“I was a train wreck,” he told ESPN. “I was like a time bomb, waiting to go off. I had no self-esteem, no self worth. There were times where I didn’t want to be here. It was not good. I felt lost.”
He retired from the sport after winning 18 gold medals, but underneath the surface were unresolved issues from his past. One of the biggest resulted from his parents’ divorce when Phelps was nine-years-old, and a “complicated” relationship with his father, Fred Phelps, a Maryland state trooper.
“I felt like he was abandoning me and I didn’t put any energy into something I thought was a dead-end street,” Phelps told ESPN.
Bob Bowman, Phelps’s coach, became a father figure, but even he became disillusioned by Phelps’s erratic behavior. “After the bong photo, Michael didn’t trust anybody, except for me, his mom, and maybe a couple other people.
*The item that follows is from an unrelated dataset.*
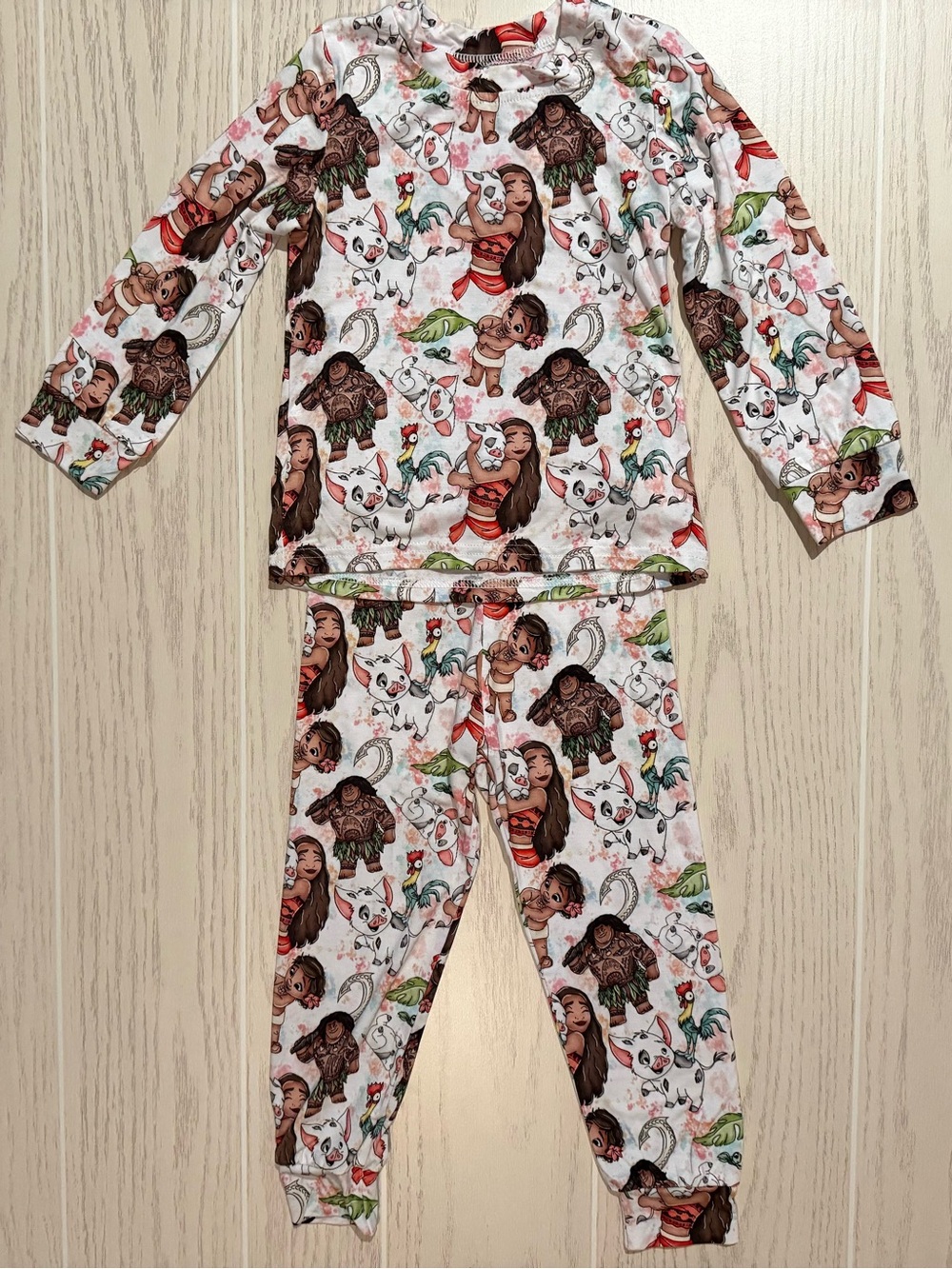 Boutique Bamboo Moana Inspired Toddler Girls 3T Pajama Set Cozy Sleepwear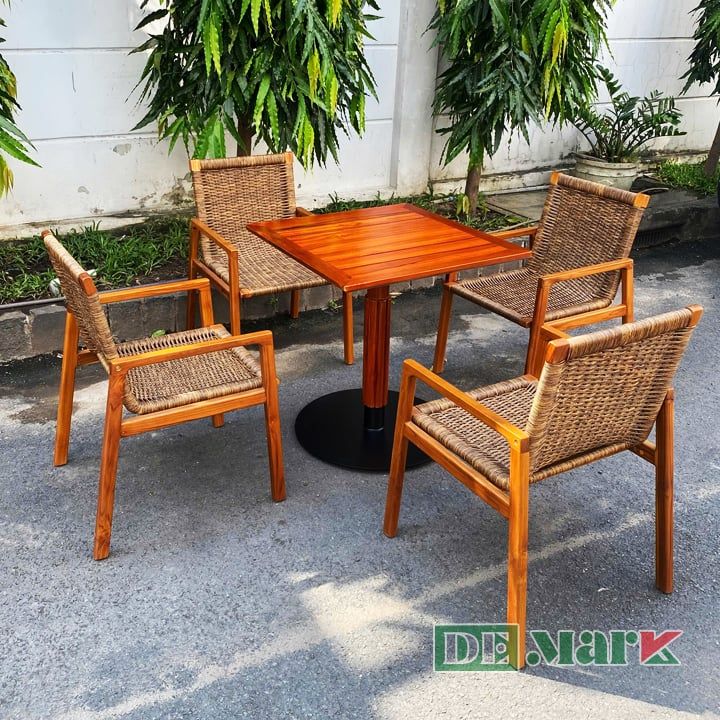 Bàn Ghế Giả Mây Kết Hợp Gỗ Teak WOSSS-07-WOSBF-10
He was wary of everything,” Bowman said.
Following the London Olympics of 2012, Phelps retired as the most-decorated Olympian of all time. “I was finished; I wanted nothing to do with the sport. I was done,” he told ESPN.
But retirement brought a newfound freedom that was intoxicating at first. “I gained 30 pounds. I probably had too much fun. Whatever I wanted to do, I did. I was a little twerp,” he recounted.